江湖(こうこ)
昔の中国の、呉越の要地である三江五湖のことで、そこから転じて、世間とか社会の意味につかわれています。
禅宗用語としての江湖
中国の唐代に活躍し、後に禅宗の中心的な教団となる馬祖道一と石頭希遷の2人が活躍した地域が、現在の江西省と湖南省であり、そこから禅宗僧侶の世界を「江湖」と称するようになり、後に「江湖会」と言えば、夏安居を指すようになった。
中国文学用語としての江湖
中国の大衆小説の中で大きな位置を占める武侠小説の中において、武術を身につけて結束、団体化した人々が所属する一般社会とは異なる特殊な社会のこと。
『水滸伝』が起源と言われているものの、定かではない。
江湖は古くは『荘子』(莊子・内篇・逍遥游第一)に見られる。
古語では五胡四海の広い世界のことを表し、「走江湖」といえば、各地を流浪することを意味した。
後には江湖は俗世間から離れた隠士が住まう世界のことをも指すようになった。
上流階層に属する者にとってそれは朝廷や権力といったしがらみの世界と相対する自由で自然な、一種の理想郷的な世界のことであった。
南宋後期の江湖詩派と呼ばれる詩人たちは下級官吏であったり、山林の隠士であったためにその名が付けられている。
武侠小説においては、そうした江湖が持つ既成の概念を利用しつつ、武術の使い手たちに焦点を当て、侠義を尊ぶ気風や、 官に対する反撥、無法性といった要素を加味して、半ば架空の世界を造り上げている。
なお、同じ武侠小説で使われる言葉に武林があるが、江湖と同じような意味合いで使われることが多い。
武侠小説とは中国の大衆小説の一種で、江湖という半ば架空の世界を舞台に、武術に長け、義理を重んじる人々を主人公とした小説の総称である。
武侠小説における、「侠」とは己の信条に則って正義のために行動しようという精神の在り方であり、そこに手段としての「武」が加わったものが「武侠」である。

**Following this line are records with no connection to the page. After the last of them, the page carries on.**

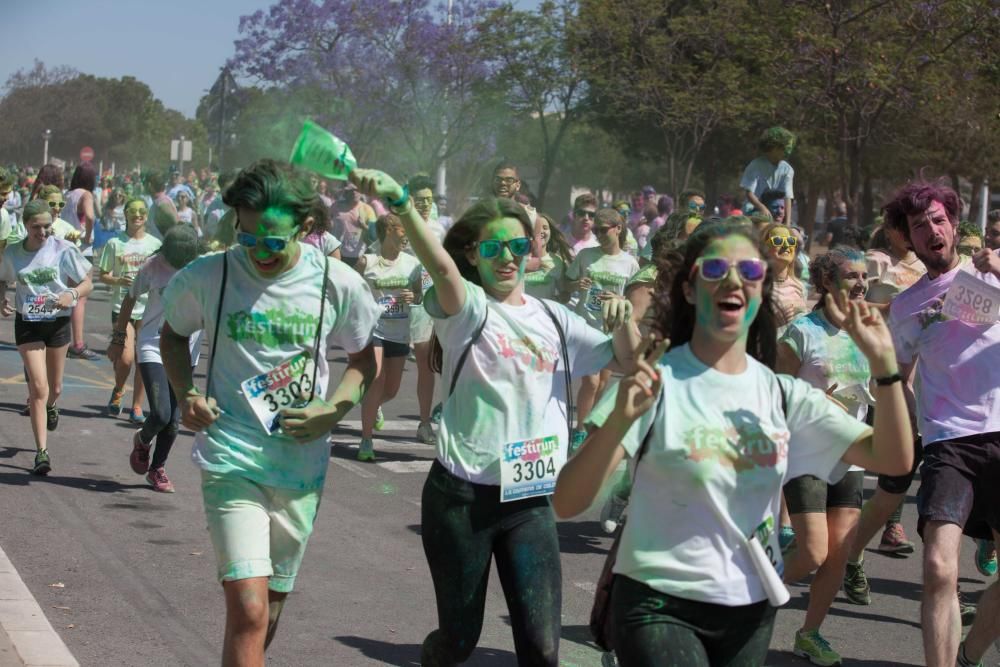 La primera edición de «FestiRun» combina deporte y diversión en una carrera que logró reunir a multitud de personas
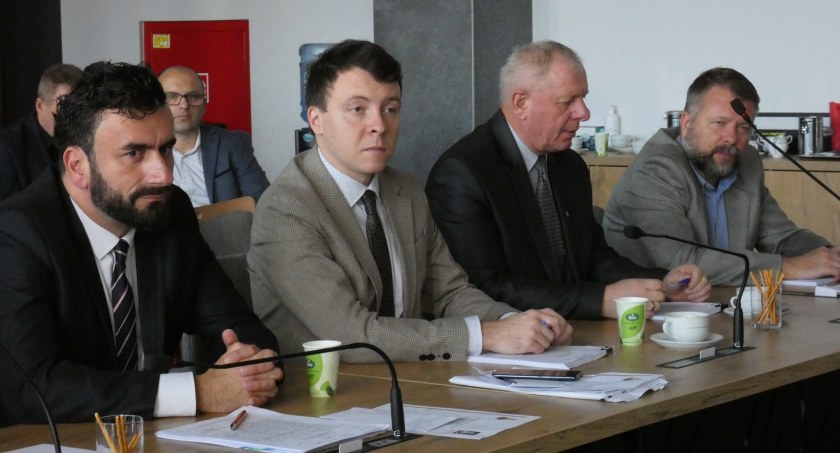 PiS, niemy koalicjant: „Mają dobrą zabawę, bo rządzą, ale z boku. Siedzą i milczą
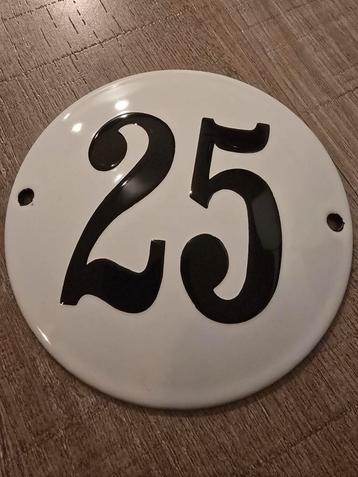 Prachtig rond Zwaar & Bol antiek huisnummerbord nr 25 €29 beschikbaar voor biedingen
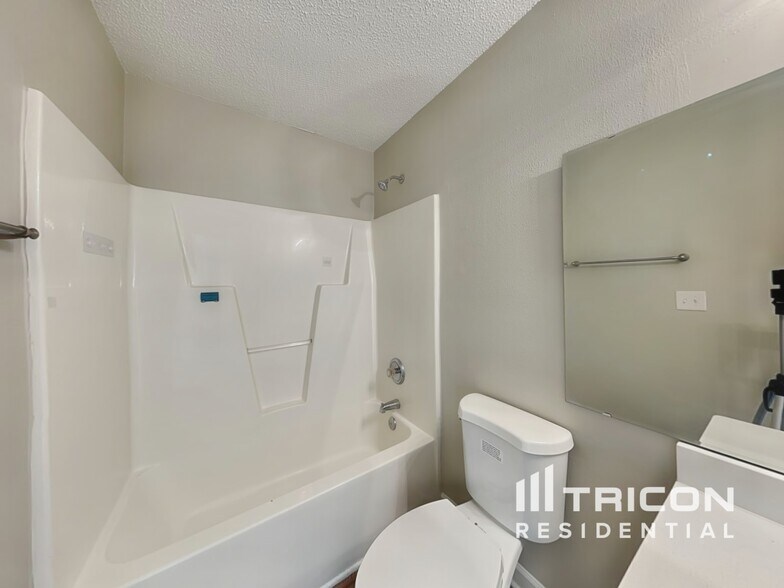 Building Photo - 2608 Misty Cove Pl NE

江湖とはそもそも長江と洞庭湖のことで、最初は別の意味を伴わない、単なる地理的な意味を表す言葉であった。
この意味は後に「江河湖海」つまり河と湖の総称へと広がった。
江湖」が意味する天下は日常の世界とは異なる世界である。
それは「江湖未静」と表現されたり、「神農薬書、世人災患」などの言葉とともに使用されたりする。
つまり、平穏な空間ではなく、危険や災難が常在する混乱の空間、神農の医書すら存在する不思議な空間である。
この場合、江湖はどんな事でも起こりうる世界としての空間である。
このような江湖は中国人たちの世界認識の表現の一つとしてみなされるが、その世界はまさに混乱と危険、さらには理解不可能な、神秘に満ちた空間である。
江湖という世界に対する認識は曖昧で、抽象的です。